Sat, August 8, 8:00 to 9:30am, TBA

Abstract

How do collectives sustain commitment from members who persistently disagree with their dominant values? Prevailing theories predict that such tensions should be resolved through exit, assimilation, contestation, or compartmentalization. Yet in many settings, members remain committed to organizations whose core values they openly contest. We propose that some organizations contain subgroups that do not resolve disagreement but actively structure it. Members maintain allegiance to the larger collective while articulating principled difference from within. We call this embedded differentiation: a collective accomplishment through which difference is not resolved but rendered intelligible, sustainable, and valuable.

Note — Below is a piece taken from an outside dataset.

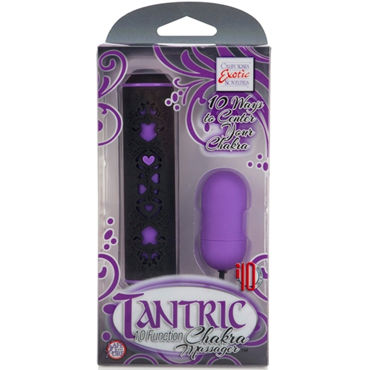 California Exotic Tantric Chakra Massager, фиолетовый - Вибропуля с необычным пультом управления - купить в секс шопе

We develop our argument through a comparative ethnographic study of two affinity groups at elite U.S. universities, drawing on four years of fieldwork and 98 in-depth interviews. Lewis Center, a nonprofit serving working-class, racially underrepresented students at UC Berkeley, and Christian Fellowship, a student organization for evangelical Christians at Stanford, each navigate fundamental misalignment with their campus's dominant culture. Central to this process are relational frames that redefine members' relationship to the broader organization, allowing them to remain in it while refusing to be fully of it. Our fieldwork reveals three interlocking resources that sustain these frames: cognitive authorities, non-student leaders whose long-term presence and independence lend interpretive credibility; ritualized discursive practices through which members collectively reinterpret experiences of friction; and dense subgroup networks that reinforce shared interpretive orientations through repeated interaction. Embedded differentiation shifts attention from individual coping to collective stabilization of disagreement. It reconceptualizes cohesion as an ongoing interpretive accomplishment rather than a background condition of consensus, and demonstrates that pluralism requires sustained cultural labor and relational infrastructure.